Daily Market Reports | Jun 22 2017

This story features QBE INSURANCE GROUP LIMITED, and other companies. For more info SHARE ANALYSIS: QBE

By Greg Peel

The Dow closed down -57 points or -0.3% while the S&P was flat at 2435 as the Nasdaq rose 0.7%.

Ugly Indeed

“It could get ugly again today,” I said yesterday. “The technical failure at 5800 suggests we’ll be headed back to retest 5680 support”.

Except I wasn’t necessarily suggesting it would all come in one session – the worst session since Trump’s election and, no doubt thankfully for some, the shortest day of the year. The ASX200 closed at 5665.

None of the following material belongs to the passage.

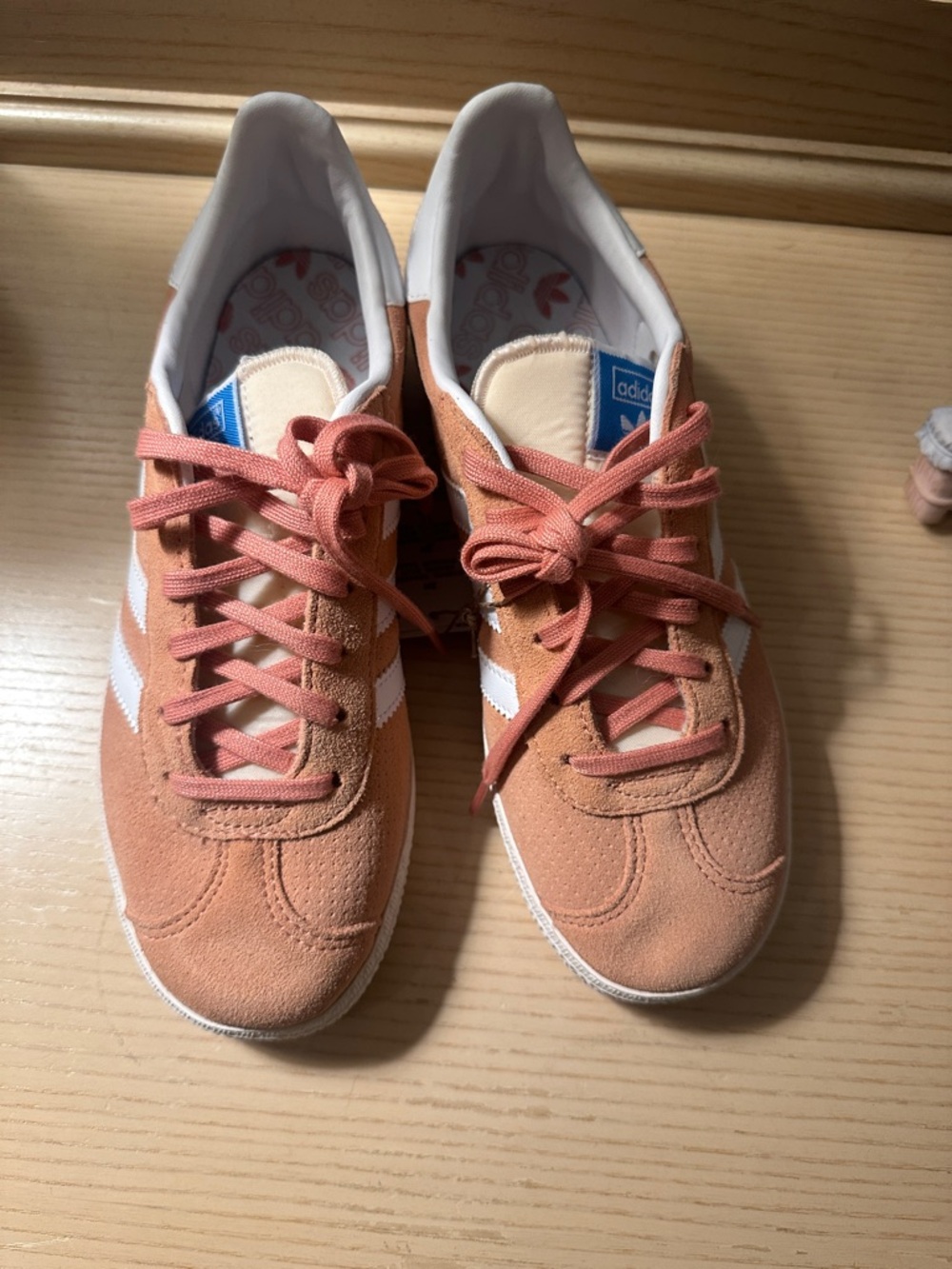 adidas Kids Peach Suede Sneakers with White Stripes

It’s also not often you see an ASX Top 20 company plunging -10% in one day, as was the case yesterday with QBE Insurance ((QBE)), thanks to lower margins, higher claims, and bad weather. Invest in insurance companies at your peril. Retail Food Group ((RFG)) was another to fall -10% following yet another profit warning. Can’t seem to sell cakes.

The bulk of the selling was among the banks (aided by insurers), big miners and big oil. Energy’s -2.6% fall was unsurprising given the breakdown in the oil price. A -2.5% fall for materials seemed overdone against commodity prices but of course BHP Billiton ((BHP)) is a cross-over into oil. For the banks, it’s likely just foreign investors being spooked by ratings downgrades and constant housing bubble and household debt warnings.

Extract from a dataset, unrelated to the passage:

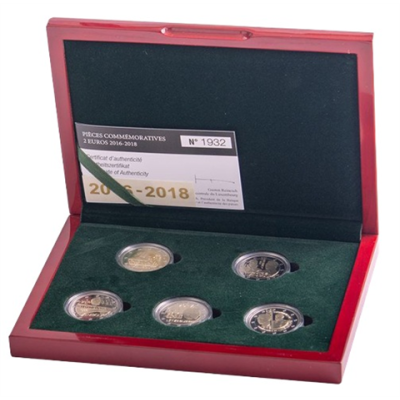 Luxemburg_5_x_2_Euro_PP-Satz_von_2016-2018_im_Etui_III-shop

On Tuesday, news of Indonesian smelter shutdowns had heavily shorted Western Areas ((WSA)) and Independence Group ((IGO)) jumping 9% and 5%. Then nickel fell -2% overnight. An “oops” moment? Western fell -7% and Independence -6% yesterday.

Nickel was up 2% last night.

Falls in other sectors were more in the order of -1% or less yesterday, with two exceptions. Utilities and healthcare have both been outperforming sectors on Wall Street this week and yesterday the local utilities sector held steady while healthcare gained 0.4% against the tide. This was mostly due to Cochlear ((COH)), which jumped 3% on news of approval of its new device.

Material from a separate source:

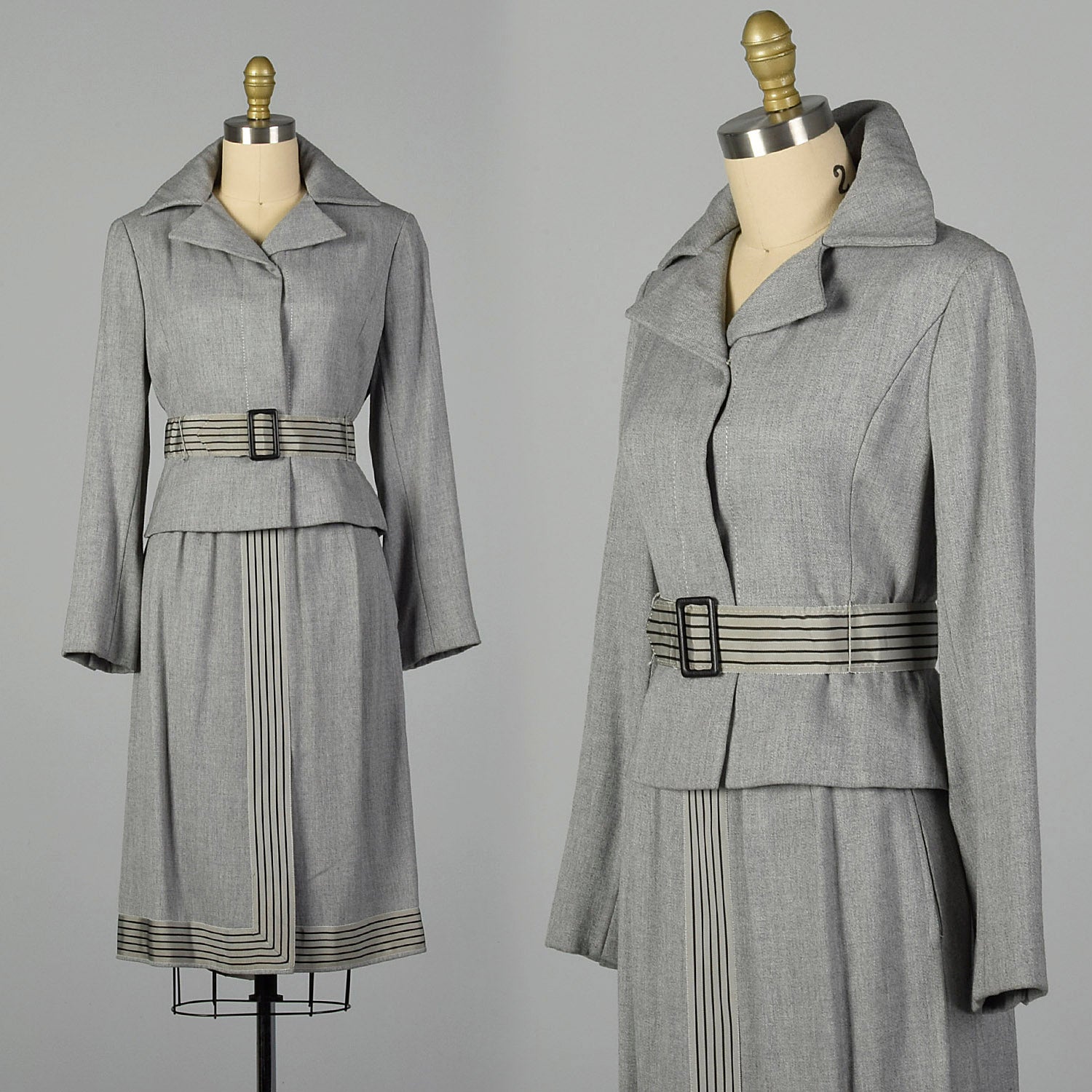 Small 1950s Gray Skirt Suit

The run-up to EOFY is typically a volatile time. Aside from infamous “tax loss selling”, fund managers are shuffling around their portfolios, ditching stuff they don’t want to carry into the new FY. This implies there’s also some buying going on in the process, but technical failure, leading to psychological stress, and a tide of foreign investors finding Australia more domestically risky and internationally less appealing as China manages only to plod along, is proving too much for the index to handle.

But…

While oil is down again overnight, copper, lead, nickel and zinc all posted strong gains on a general theme of tightening inventories. Iron ore is up a dollar. The futures are up 18 points this morning. If accurate, that would take us back above 5680. We held that level a couple of weeks ago. Can we hold it again?

How Low?

WTI is down another -1.6% at US$42.53/bbl. This despite news of lower weekly US inventories which on any other day would have sparked a rally. The oil price is now below where it was when the OPEC production cut deal was initially announced last year. The Saudis are now talking about deeper cuts.

As to whether other OPEC members, and Russia, have the stomach for it is another matter. Meanwhile Nigeria and Libya are pumping like mad and the US rig count keeps climbing. It would only take one rebel pipeline attack in Nigeria or one militant invasion of a Libyan oil terminal to spark a short-covering scramble. Such events are not unheard of.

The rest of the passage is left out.